The hadoop used in this blog post is 2.8.0
Open the download address selection page:
http://www.apache.org/dyn/closer.cgi/hadoop/common/hadoop-2.8.0/hadoop-2.8.0.tar.gz
As shown:
The address I use is:
http://mirror.bit.edu.cn/apache/hadoop/common/hadoop-2.8.0/hadoop-2.8.0.tar.gz
The Linux system used here is CentOS7 (in fact, Ubuntu is also very good, but here is the CentOS7 demo), the installation method is not much to say, if necessary, please refer to this blog post:
http://blog.csdn.net/pucao_cug/article/details/71229416
Install 3 machines, and the machine names are hserver1, hserver2, hserver3 (indicating that the machine name is not called this way, and you can use the hostname command to modify it later).
As shown:
Note: In order to avoid the trouble of the following series of authorization, the root account is used to log in and operate directly.
Use the ifconfig command to view the IP of these 3 machines.
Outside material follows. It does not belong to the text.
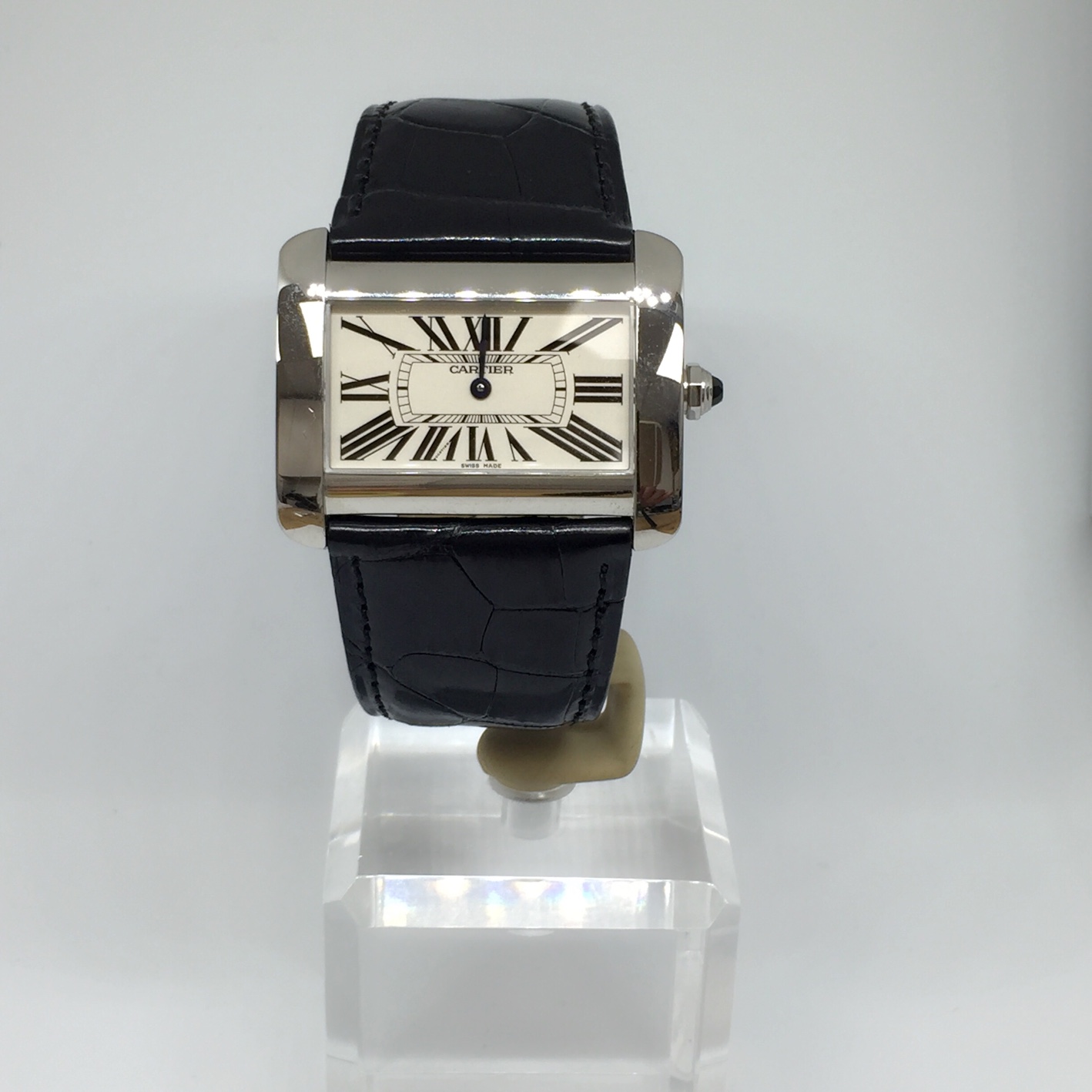 Cartier Tank Divan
The correspondence between my machine name and ip is:
192.168.119.128 hserver1
192.168.119.129 hserver2
192.168.119.130 hserver3
For the convenience of subsequent operations, ensure that the hostname of the machine is what we want. Take the machine 192.168.119.128 as an example, log in with the root account, and then use the hostname command to view the machine name
As shown:
Found that the machine name is not what we want. But this is easy to handle. I will change its name. The command is:
hostname hserver1
As shown:
After the execution is complete, check to see if it has been modified, and type the hostname command:
As shown:
Similarly, rename the other two machines to hserver2 and hserver3 respectively.
Modify the /etc/hosts file of these 3 machines and add the following content to the file:
[ plain]view plaincopy
As shown:
Note: The IP address does not need to be the same as mine, here is just a mapping, as long as the mapping is correct, as for the modification method, you can use the vim command, or you can write the contents of the hosts file on your local machine. Get the Linux machine to cover.
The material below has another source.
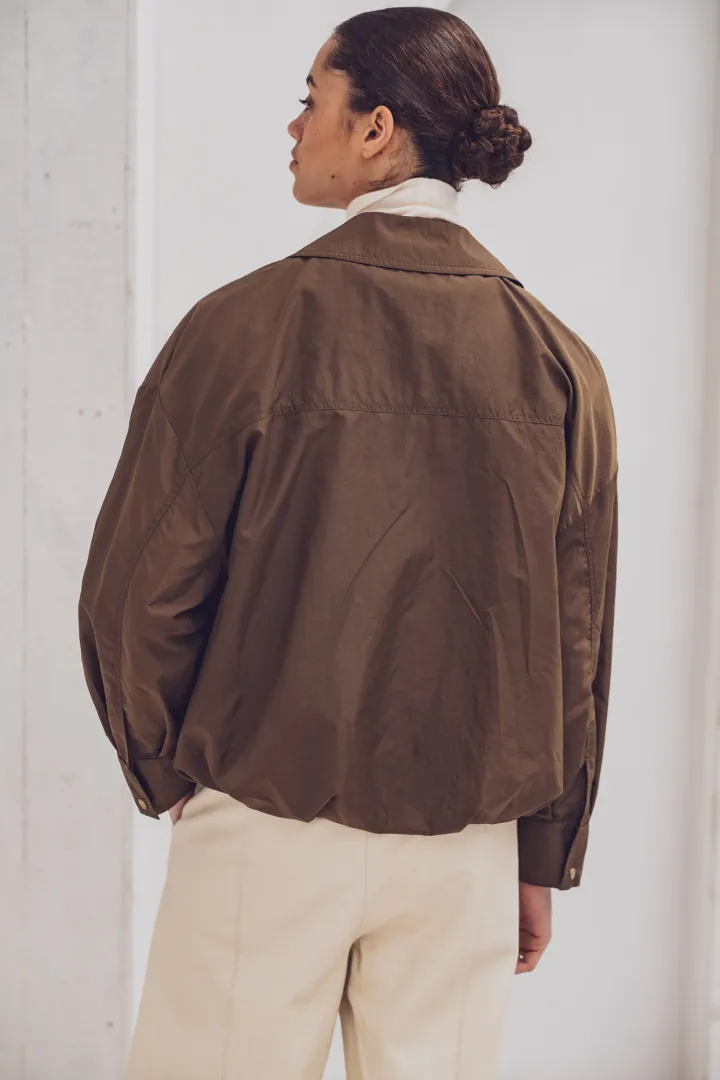 FM792424 – Woven NY Wrinkled Water Resistant Braun (Fibre Mood)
After the configuration is complete, use the ping command to check whether the three machines can ping each other. Taking hserver1 as an example, where to execute the command:
ping -c 3 hserver2
As shown:
Excuting an order:
ping -c 3 hserver3
As shown:
If the ping works, it means that the machines are interconnected and the hosts configuration is correct.
Take hserve1 as an example, execute the command to generate a secret key with an empty string (the public key will be used later), the command is:
ssh-keygen -t rsa -P ''
As shown:
Because I am using the root account now, the secret key file is saved in the /root/.ssh/ directory, and you can use the command to view it. The command is:
ls /root/.ssh/
As shown:
Use the same method to generate secret keys for hserver2 and hserver3 (the command is exactly the same, no need to modify it).
The next thing to do is to save a file with the same content in the /root/.ssh/ directory of the three machines. The file name is authorized_keys. The content of the file is the public key we just generated for the three machines. For convenience, my next step is to generate an authorized_keys file on hserver1, and then add the public keys generated by the three machines to the authorized_keys file of hserver1, and then copy the authorized_keys file to hserver2 and hserver3.
First use the command to generate a file named authorized_keys in the /root/.ssh/ directory of hserver1. The command is:
touch /root/.ssh/authorized_keys
As shown:
You can use the command to see if the generation is successful, the command is:
ls /root/.ssh/
As shown:
Then copy the contents of the /root/.ssh/id_rsa.pub file on hserver1, the contents of the /root/.ssh/id_rsa.pub file on hserver2, and the contents of the /root/.ssh/id_rsa.pub file on hserver3 to this authorized_keys. In the file, there are many ways to copy, you can use the cat command and the vim command to get it, or you can directly download the /root/.ssh/id_rsa.pub file on the three machines to the local, and edit the authorized_keys file locally Fortunately, upload to these 3 machines.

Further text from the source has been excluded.